Data shown.
════════

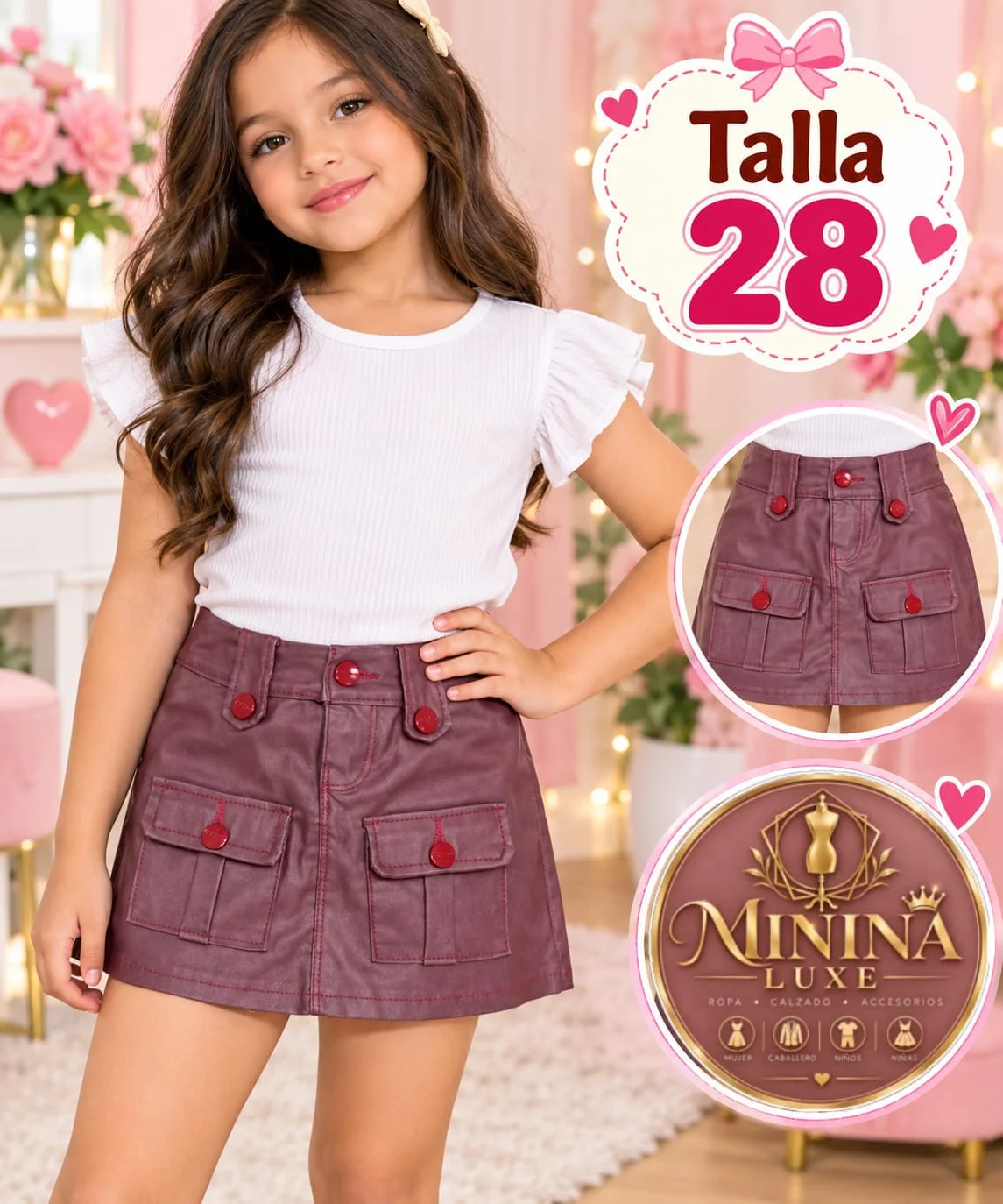 Falda short Mia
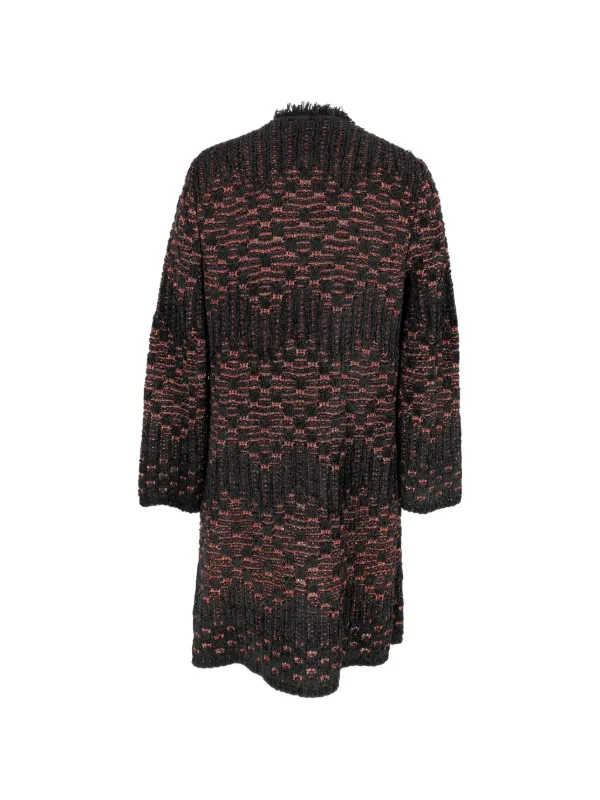 美品✨MISSONI DONNA ニット　ウールコート ベルト　総柄 Missoni Pre-Owned ニットコート | ブラック | FARFETCH JP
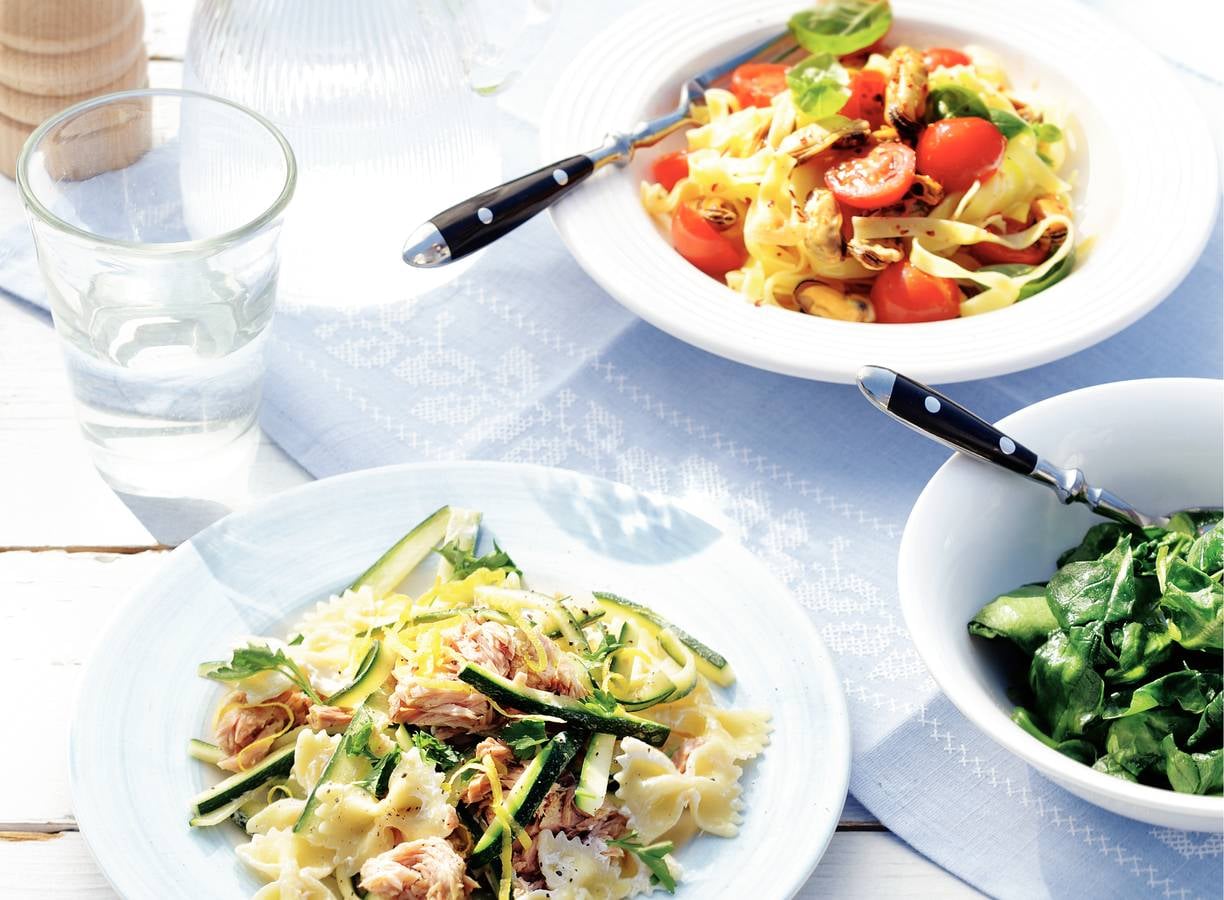 Tagliatelle met mosselen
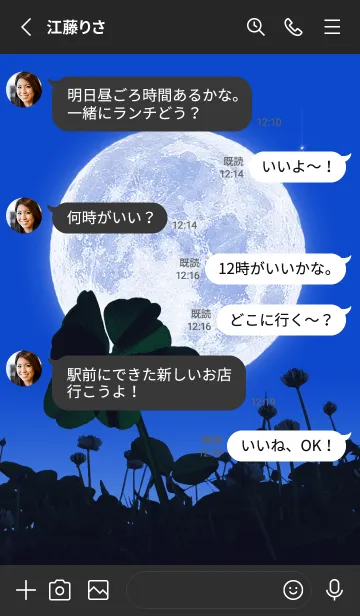 [LINE着せ替え] 七つ葉のクローバー & Full Moon #1-3の画像3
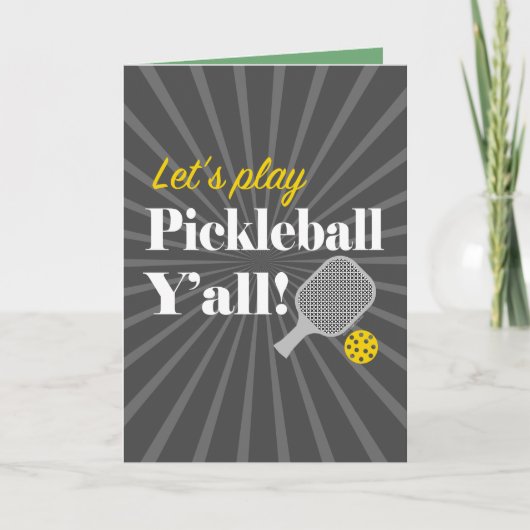 Pickleball Greeting Cards Pickleball Party  Karte (Vorderseite)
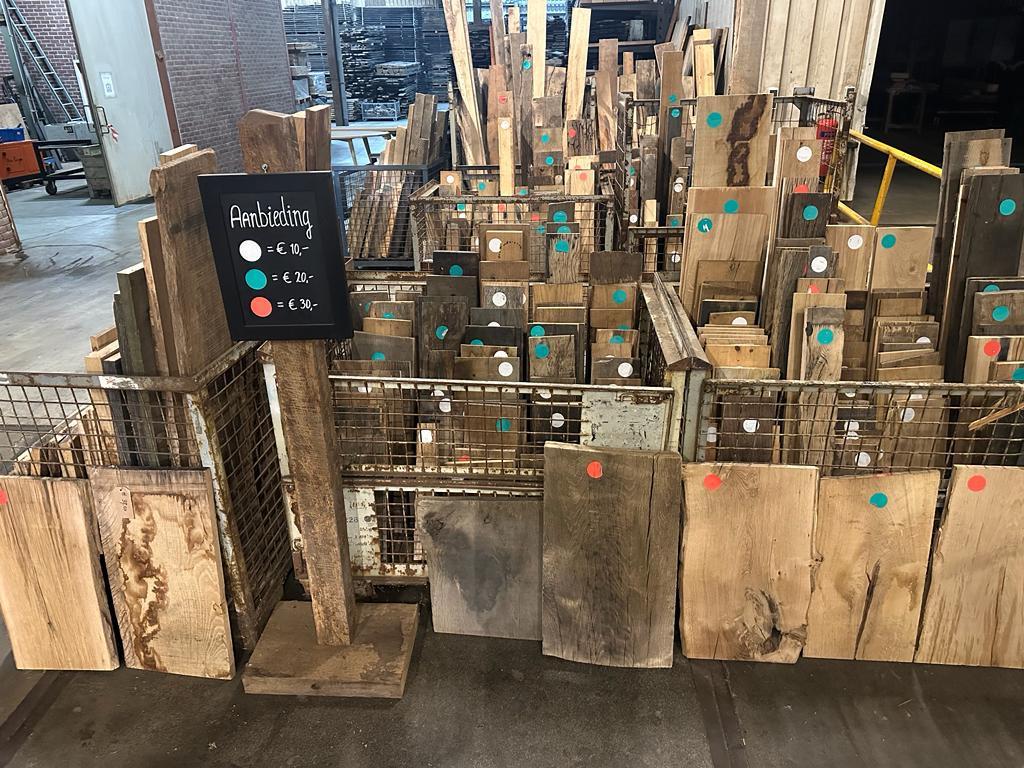 Exclusive discounts: losse oude eiken planken in alle maten, Ophalen, Gebruikt, Minder dan 25 mm, Eiken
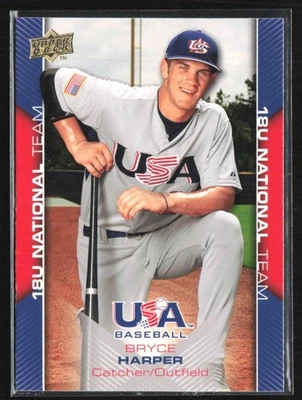 Bryce Harper 2009 Upper Deck EUA caixa de beisebol conjunto B #EUA-30 EUA - Imagem 1 de 3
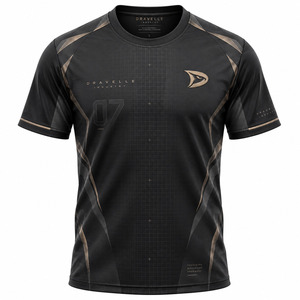 Uniforme de Juego Black Grid con Detalles Metálicos en Bronce, Jersey Sublimado de Alto Rendimiento para Esports para Hombre - Product Image 2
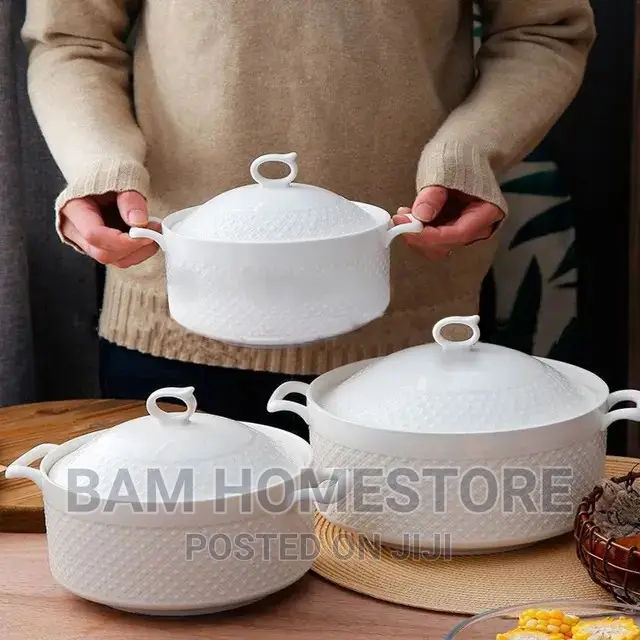 3 in 1 Ceramic Pots With Lid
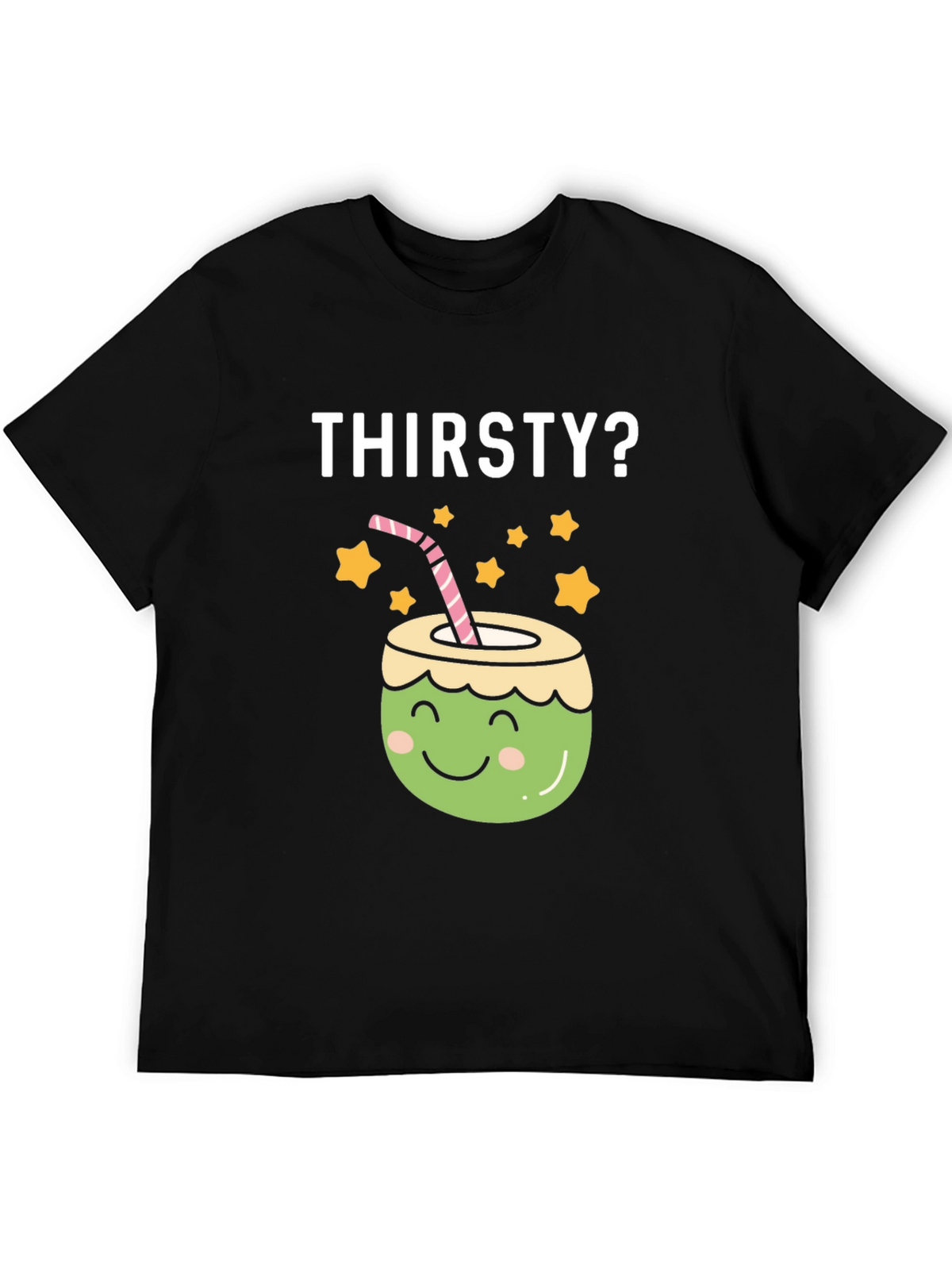 Thirsty? Coconut Graphic Tee - Fun Summer Shirt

════════

What is needed. Although the records above include pictures, the copy must contain only their exact text.

Solution below.
 Falda short Mia
 美品✨MISSONI DONNA ニット　ウールコート ベルト　総柄 Missoni Pre-Owned ニットコート | ブラック | FARFETCH JP
 Tagliatelle met mosselen
 [LINE着せ替え] 七つ葉のクローバー & Full Moon #1-3の画像3
 Pickleball Greeting Cards Pickleball Party  Karte (Vorderseite)
 Exclusive discounts: losse oude eiken planken in alle maten, Ophalen, Gebruikt, Minder dan 25 mm, Eiken
 Bryce Harper 2009 Upper Deck EUA caixa de beisebol conjunto B #EUA-30 EUA - Imagem 1 de 3
 Uniforme de Juego Black Grid con Detalles Metálicos en Bronce, Jersey Sublimado de Alto Rendimiento para Esports para Hombre - Product Image 2
 3 in 1 Ceramic Pots With Lid
 Thirsty? Coconut Graphic Tee - Fun Summer Shirt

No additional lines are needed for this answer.